Work instructions: The answer is to be an exact copy of the lines below running from the line with "Velodrome cyclist in" down to the line with "a wrestler in", both ends included, and nothing more.

**********

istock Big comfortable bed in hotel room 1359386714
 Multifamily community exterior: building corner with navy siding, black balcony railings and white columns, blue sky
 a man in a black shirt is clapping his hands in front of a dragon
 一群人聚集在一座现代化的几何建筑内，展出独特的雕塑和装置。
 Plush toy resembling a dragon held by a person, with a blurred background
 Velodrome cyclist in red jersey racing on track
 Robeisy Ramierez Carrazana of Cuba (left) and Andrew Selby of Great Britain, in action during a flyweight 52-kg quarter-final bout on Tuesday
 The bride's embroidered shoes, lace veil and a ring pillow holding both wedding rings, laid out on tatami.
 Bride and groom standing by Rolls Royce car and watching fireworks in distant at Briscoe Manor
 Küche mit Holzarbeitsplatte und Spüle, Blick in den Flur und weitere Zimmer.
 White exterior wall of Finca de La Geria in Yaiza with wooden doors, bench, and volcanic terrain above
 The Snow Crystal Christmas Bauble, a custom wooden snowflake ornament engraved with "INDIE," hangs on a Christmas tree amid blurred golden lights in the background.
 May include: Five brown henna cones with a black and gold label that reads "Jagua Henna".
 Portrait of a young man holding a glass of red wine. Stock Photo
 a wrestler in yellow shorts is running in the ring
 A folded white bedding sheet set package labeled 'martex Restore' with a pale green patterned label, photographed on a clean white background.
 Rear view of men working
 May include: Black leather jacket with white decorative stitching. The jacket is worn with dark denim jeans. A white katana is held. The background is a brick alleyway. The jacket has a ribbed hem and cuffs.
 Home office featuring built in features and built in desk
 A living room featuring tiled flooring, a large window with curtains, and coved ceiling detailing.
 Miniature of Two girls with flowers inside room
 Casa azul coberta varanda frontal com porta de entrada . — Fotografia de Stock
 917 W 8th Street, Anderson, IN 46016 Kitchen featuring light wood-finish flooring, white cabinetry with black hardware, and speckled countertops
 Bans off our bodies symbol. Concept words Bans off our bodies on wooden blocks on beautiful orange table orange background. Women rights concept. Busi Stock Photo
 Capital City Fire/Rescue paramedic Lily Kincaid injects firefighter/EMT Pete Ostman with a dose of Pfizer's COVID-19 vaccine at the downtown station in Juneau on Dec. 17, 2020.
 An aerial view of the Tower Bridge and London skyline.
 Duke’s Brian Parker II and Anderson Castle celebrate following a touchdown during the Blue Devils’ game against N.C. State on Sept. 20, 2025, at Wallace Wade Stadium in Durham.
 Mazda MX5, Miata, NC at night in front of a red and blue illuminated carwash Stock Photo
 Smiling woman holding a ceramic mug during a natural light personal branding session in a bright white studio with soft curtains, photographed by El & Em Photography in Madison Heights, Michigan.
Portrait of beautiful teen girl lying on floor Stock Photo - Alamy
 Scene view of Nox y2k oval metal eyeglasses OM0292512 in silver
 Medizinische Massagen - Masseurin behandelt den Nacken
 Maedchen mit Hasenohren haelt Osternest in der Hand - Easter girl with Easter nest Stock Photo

**********

Answer box:
 Velodrome cyclist in red jersey racing on track
 Robeisy Ramierez Carrazana of Cuba (left) and Andrew Selby of Great Britain, in action during a flyweight 52-kg quarter-final bout on Tuesday
 The bride's embroidered shoes, lace veil and a ring pillow holding both wedding rings, laid out on tatami.
 Bride and groom standing by Rolls Royce car and watching fireworks in distant at Briscoe Manor
 Küche mit Holzarbeitsplatte und Spüle, Blick in den Flur und weitere Zimmer.
 White exterior wall of Finca de La Geria in Yaiza with wooden doors, bench, and volcanic terrain above
 The Snow Crystal Christmas Bauble, a custom wooden snowflake ornament engraved with "INDIE," hangs on a Christmas tree amid blurred golden lights in the background.
 May include: Five brown henna cones with a black and gold label that reads "Jagua Henna".
 Portrait of a young man holding a glass of red wine. Stock Photo
 a wrestler in yellow shorts is running in the ring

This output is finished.